The event drew little fanfare and scant attention last week, but it still rocked the healthcare world.
The headline I wrote for Forbes was an attempt to capture the full effect, but headlines are tough that way. On the one hand, you have to grab a reader quickly. On the other, headlines have to be accurate and truthful. In this day and age -- where everyone has a keyboard and a Wordpress (or LinkedIn) account -- it can be hard to separate the wheat from the chaff and too easy to discount headlines that scream "disruption." I elected to run with the popular technique of using a question as the headline:
Could This Pricing Tool for Consumers Disrupt Healthcare?The fact is -- this particular pricing tool is very disruptive -- and not for the reasons that are readily apparent. The first reaction by many was, so what? There are tons of consumer pricing tools already on the market. I highlighted three that are "consumer facing."
These are all great examples in their own right, of course (and there are many others), but they are all attempts to circumvent the mechanism that keeps true "in-network" provider pricing from becoming transparent. They're mostly designed with the fervent prayer that consumers will influence pricing by shopping with their feet.
But that's not the full effect of the new pricing tool -- by a long shot. One of the key pricing targets is the providers that Blue Cross Blue Shield of North Carolina (BCBSNC) negotiates with. In the course of one short week (since launch), one provider has already called BCBSNC to ask that its prices be lowered.
In. One. Week.
Full credit goes to BCBSNC for its bold vision. This cannot have been easy. For decades, in-network pricing (hotly negotiated between payers like BCBSNC and their various networks of providers) has been a closely guarded secret. Prices were considered proprietary -- and serious legal effort was expended to ensure their secrecy -- often including non-disclosure agreements, with serious penalties for breach.
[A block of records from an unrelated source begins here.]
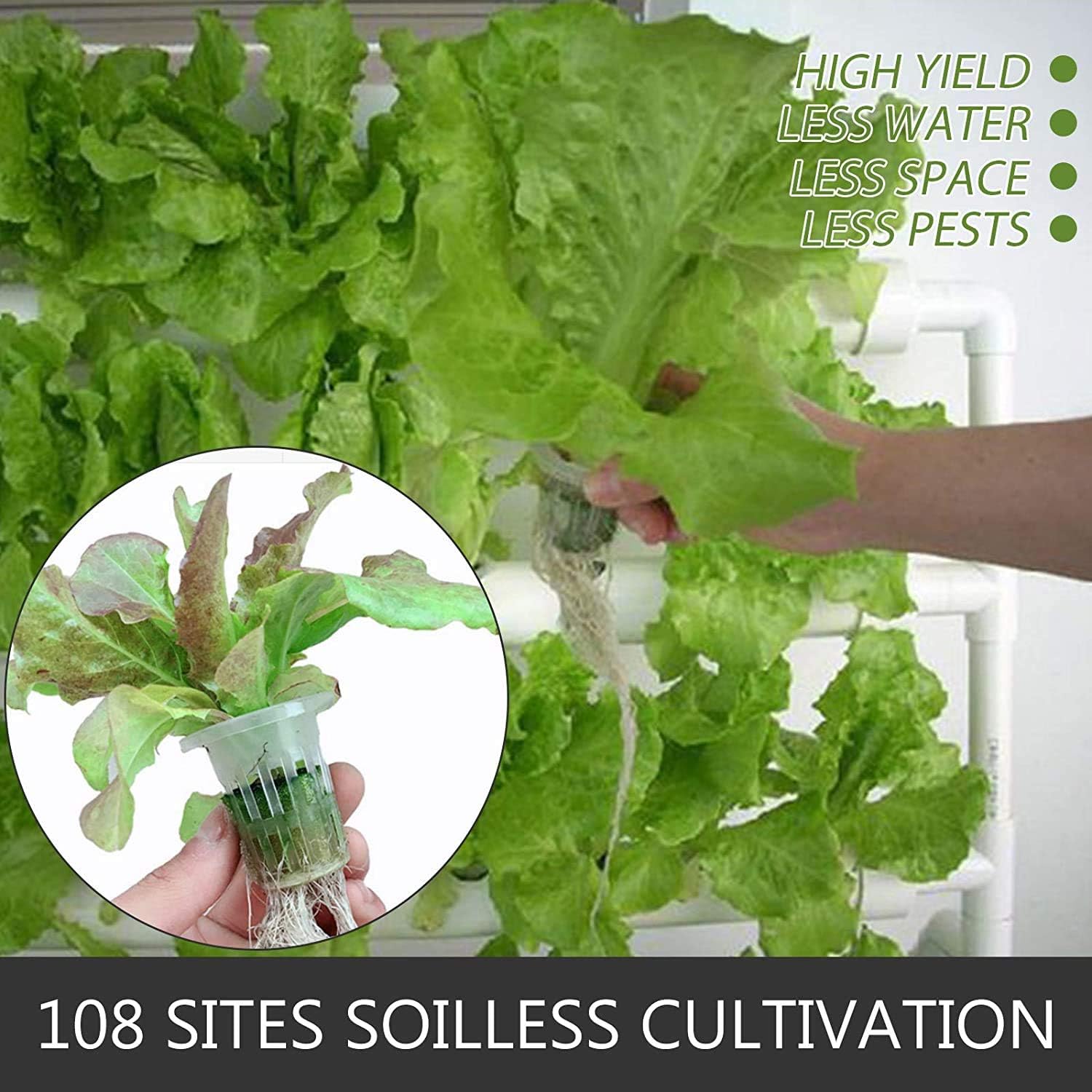 3 Layers 108 Plant Sites Hydroponic Grow Kit with 12 Pipes M340152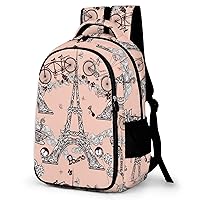 Paris Tower Bicycle Travel Backpack Double Layers Laptop Backpack Durable Daypack for Men Women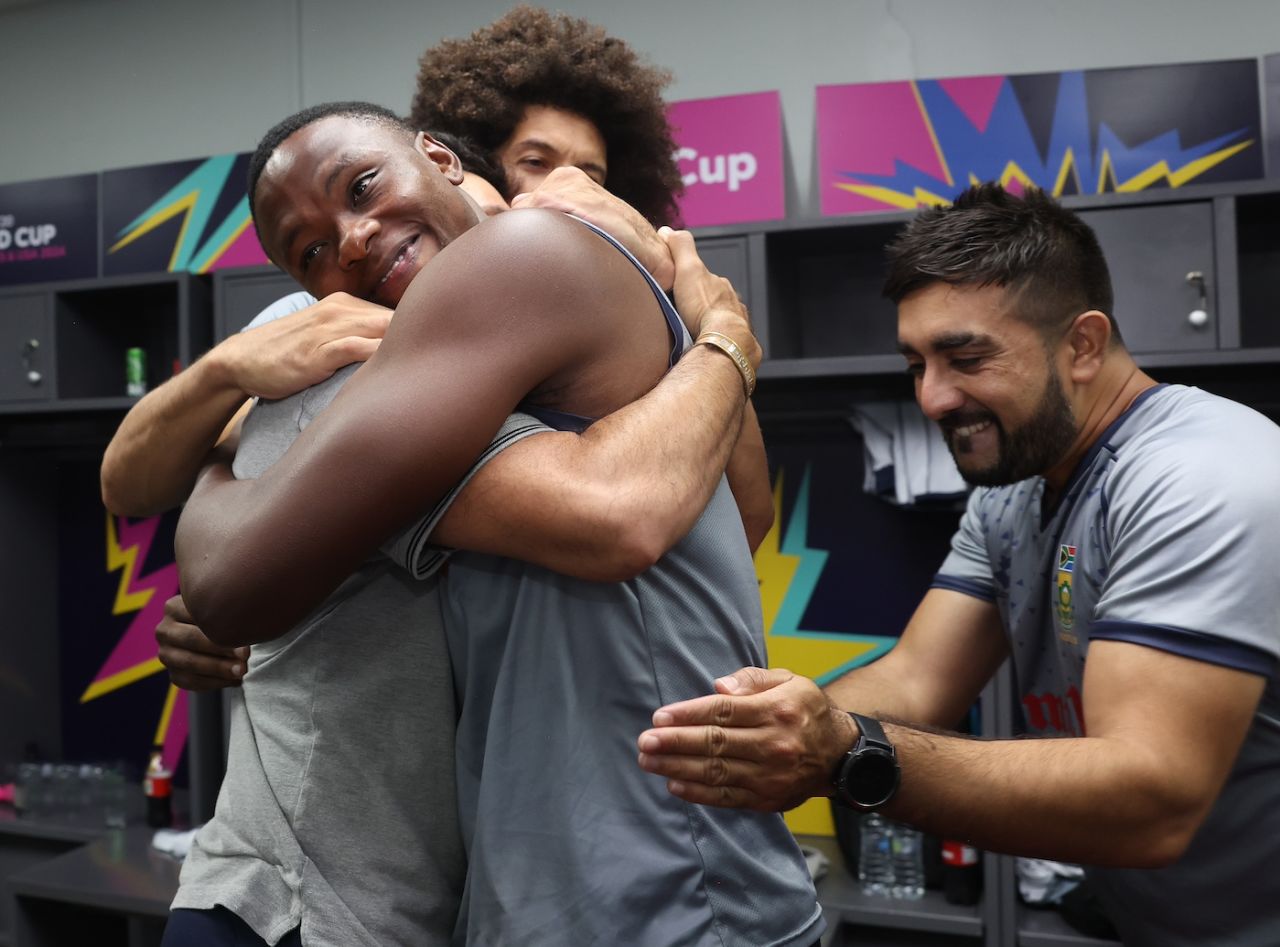Kagiso Rabada gives Keshav Maharaj a hug after winning the semi-final of the T20 World Cup, Afghanistan vs South Africa, T20 World Cup semi-final, Tarouba, Trinidad, June 26, 2024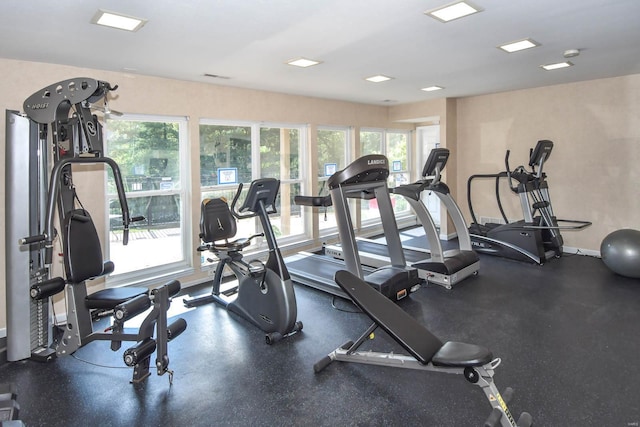 workout area with plenty of natural light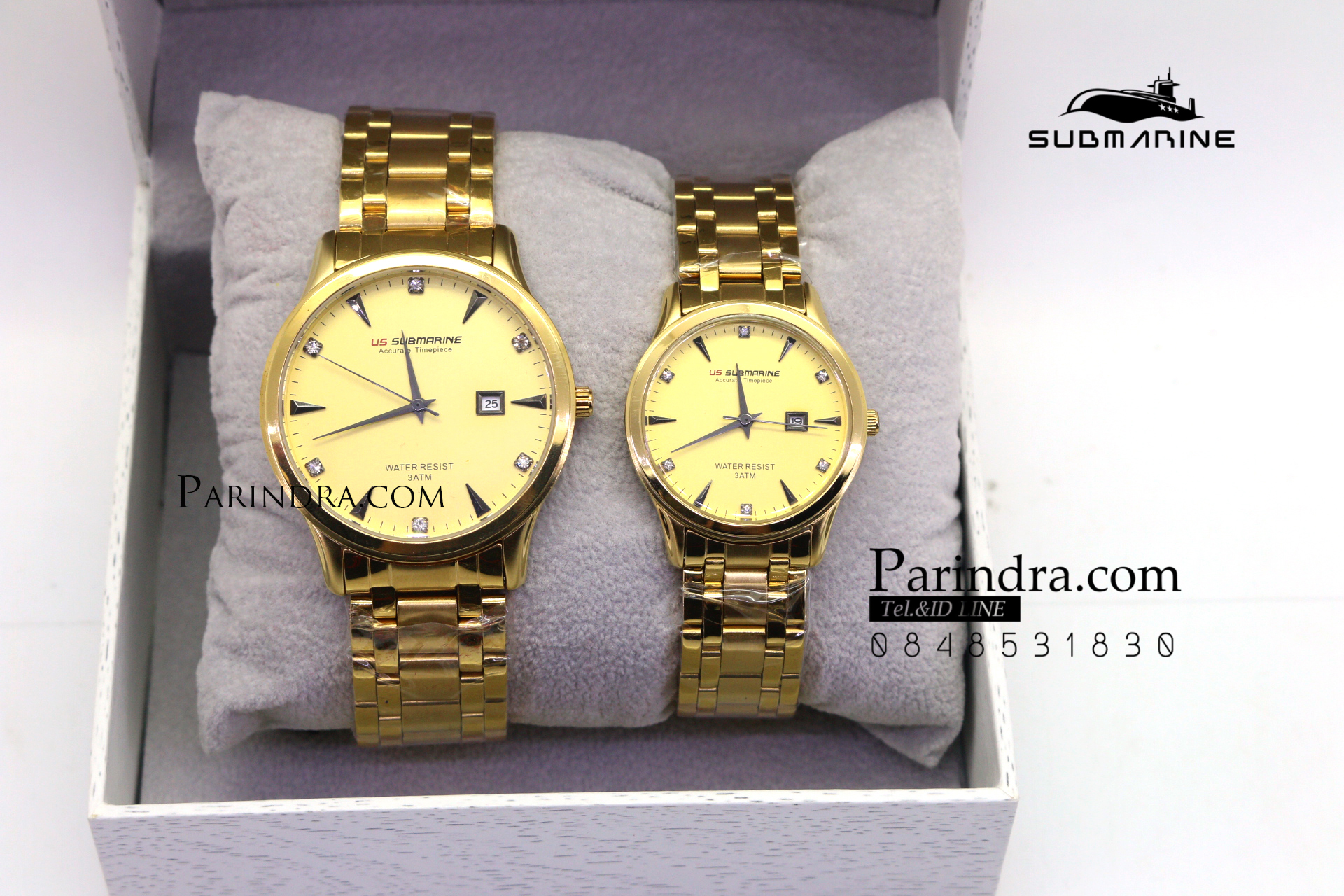 นาฬิกาคู่ US submarine รุ่น J116MD เรือนสีทองหน้าปัดสีทอง เเลขเพชร แพคคู่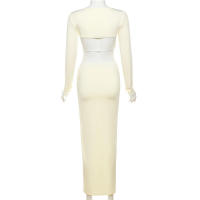 BUNO-Conjuntos de verano para mujer, 2 piezas, moda sólida, nuevo conjunto de dos piezas, manga larga, ombligo descubierto, falda larga, Sexy, elegante, y2k - details 14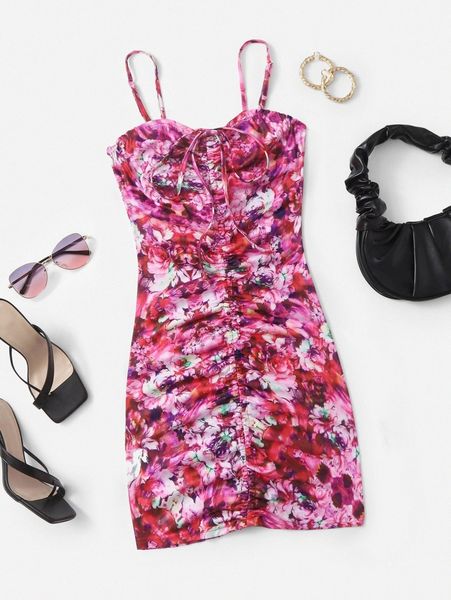 allover floral print drawstring ruched detail cami dress f5h3#, Black;gray
allover floral print drawstring ruched detail cami dress f5h3#, Black;gray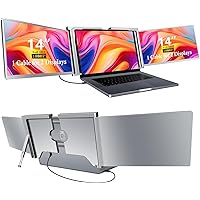 Laptop Screen Extender [M1/M2 M3/ Windows] [1 Cable for 2 Displays] Triple Portable Monitor, 1080P Tri-Screen USB A/Type C Portable Monitor for 14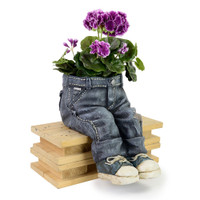 NOVELTY SITTING JEANS PLANTER - LF004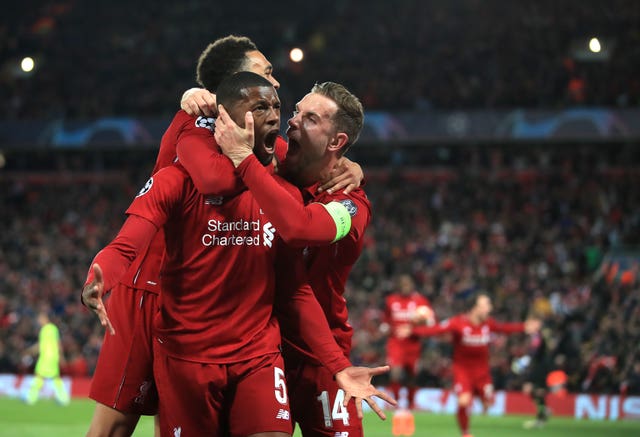 Liverpool's Georginio Wijnaldum scored twice in a matter of minutes to set up a memorable comeback against Barcelona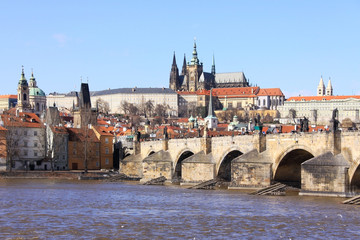 Fototapeta na wymiar Spring in Prague - gothic Castle with the Charles Bridge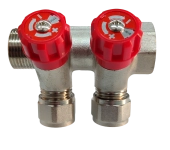 Коллектор 3 выхода с клапаном и герпексом 2-х ходовой - 3/4"*16мм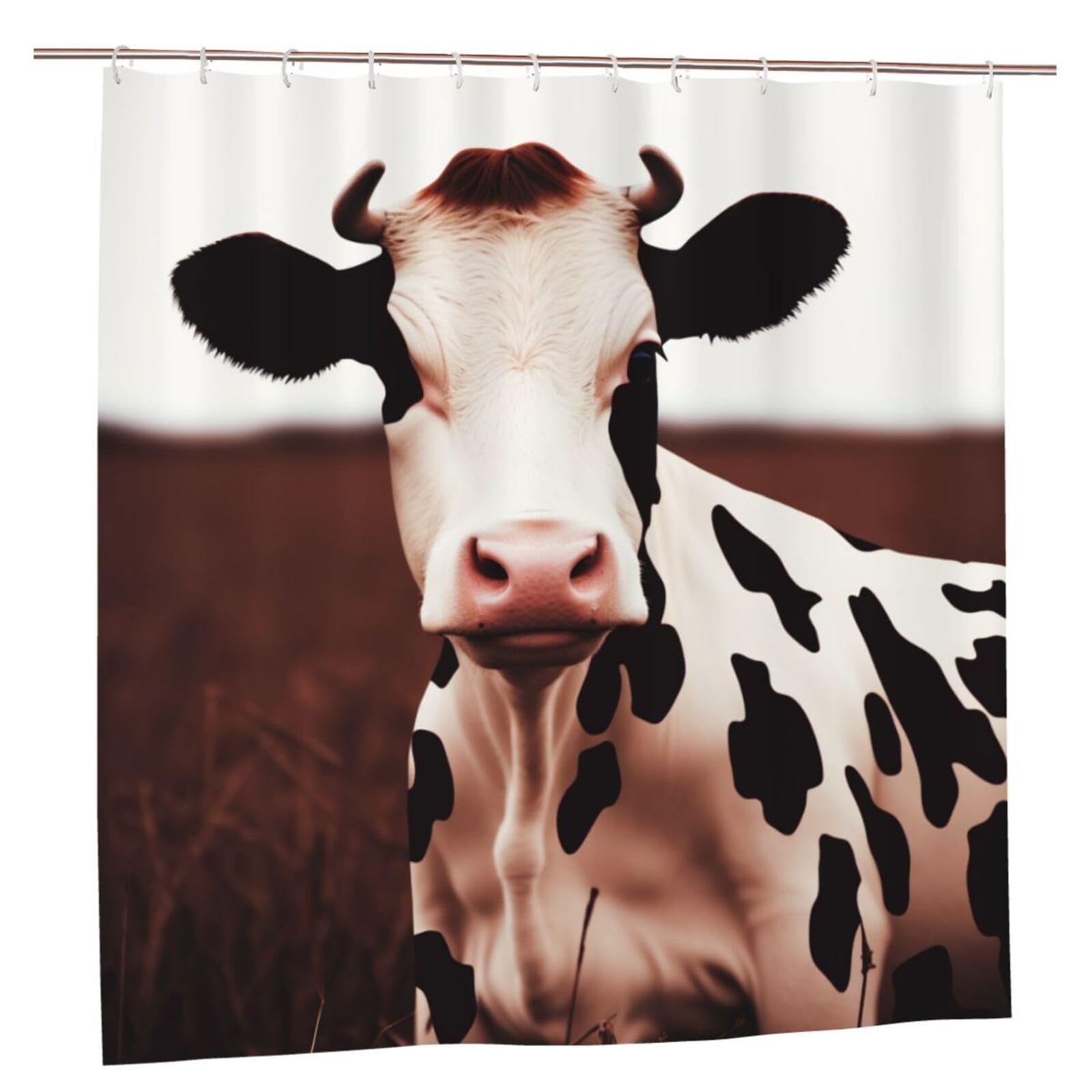 BWWHCCTI Cute Cow Printed Shower Curtain With 12 Plastic Hooks Opaque Quick Drying Waterproof Shower Curtains Sets For Bathroom 183x183 CM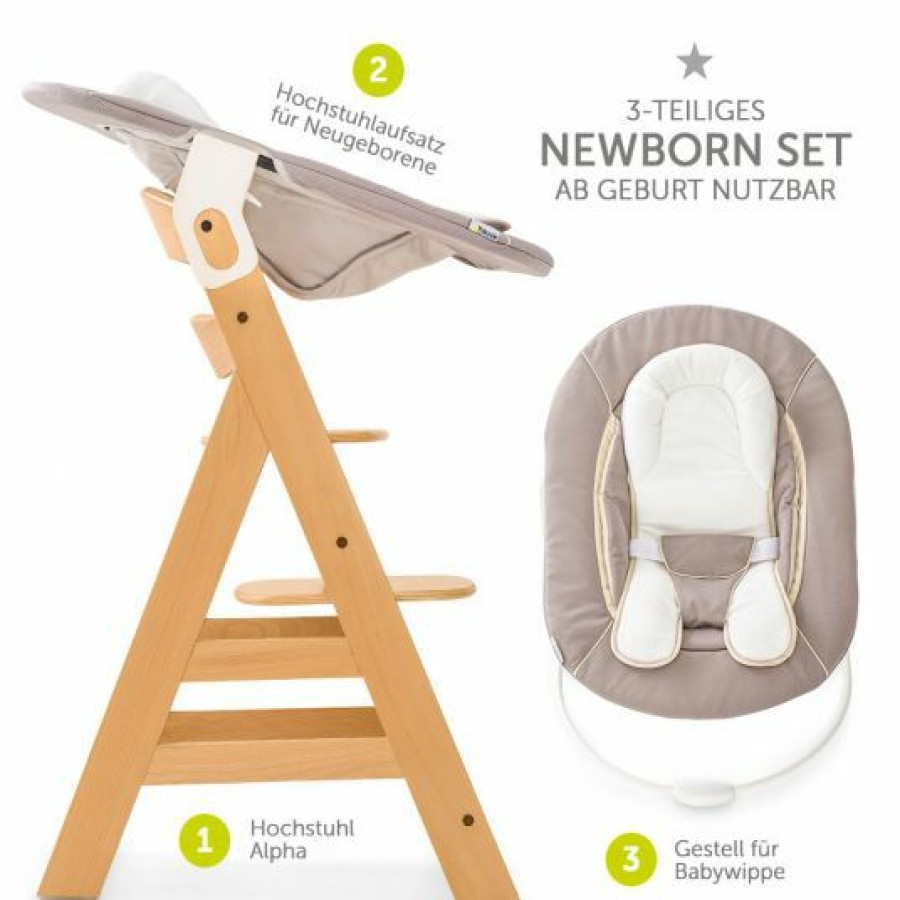 * Hauck Alpha Plus Natur Newborn Set 3-Tlg. Hochstuhl + Neugeboreneneinsatz & Wippe Stretch Beige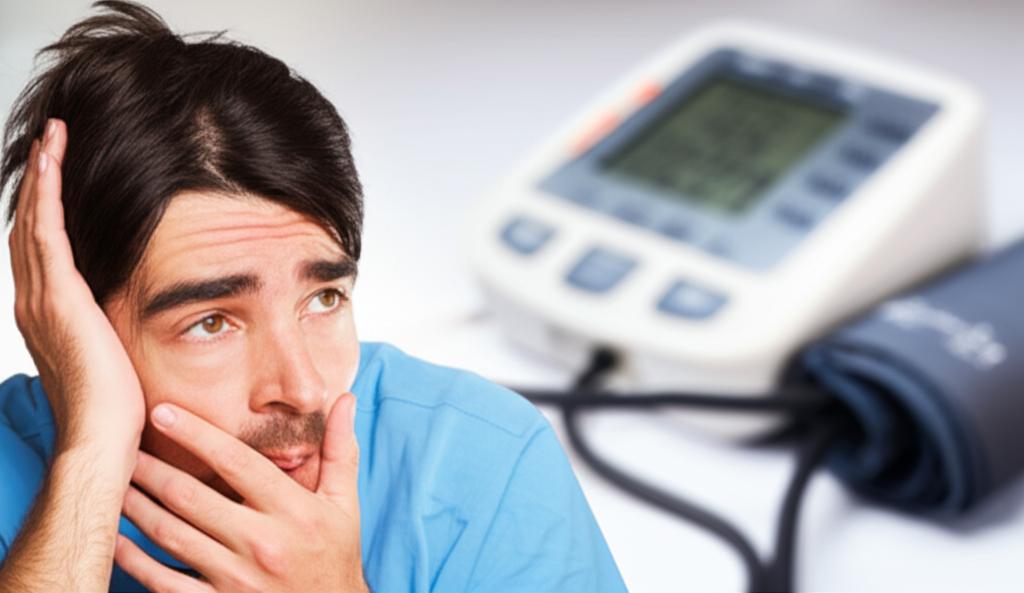 Man looking worried about health, thinking about intimacy issues, maybe with a blurred background of a blood pressure monitor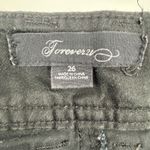 Forever 21 Black Denim Cuffed Shorts Size 26 Button Fly Photo 2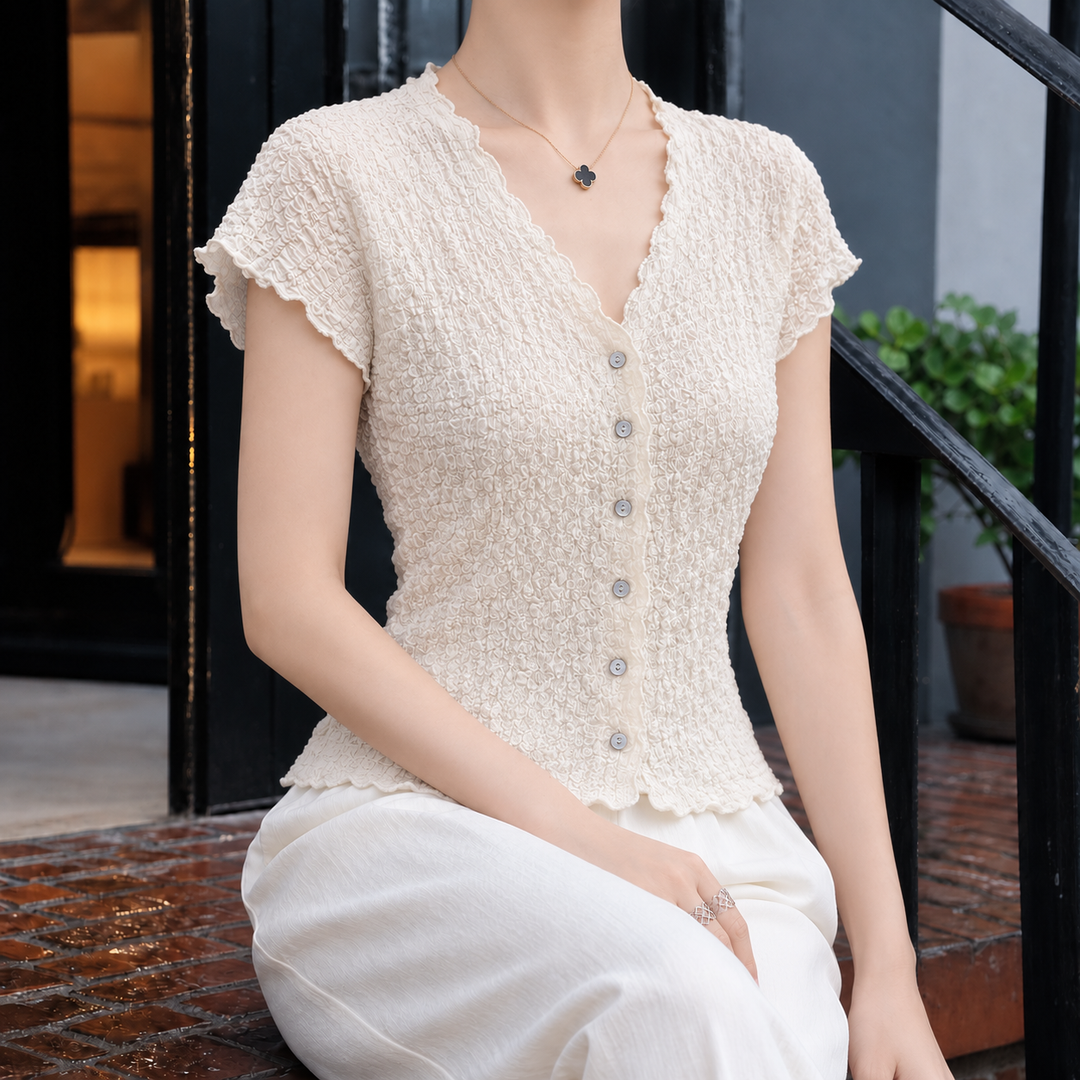 Women's crinkle knit cardigan Trudy in Ivory – front view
That changed this month, and I posit it will have a profound impact on the healthcare system as a whole. Why? Because it's a Blue Cross Blue Shield organization (one of 37 around the country), and because the footprint for the Association of Blues is enormous. Not just in North Carolina (lives covered by BCBSNC equal about 40% of the population in North Carolina): The association either administers or provides health coverage for about 1/3 of the entire U.S. population (roughly 105 million Americans).
It will be hard for other Blue Cross Blue Shield plans to ignore this precedent-setting move by BCBSNC.
Will this be the impetus that forces payers to disclose in-network contract pricing more broadly? That's a big unknown, of course, but the pressure is enormous and growing. BCBSNC was the first, but I doubt it will be the last.
I ended the article on Forbes this way: "Some said this could never happen. Others said it never would. The fact is -- it just did. I'm betting other payers (every color stripe) will follow."
At the very least, the pressure of true, in-network contract pricing transparency is clearly evident... and mounting. The whole healthcare industry needs as much disruption as everyone can create. The surprise here was the source. Way to go, Big Blue!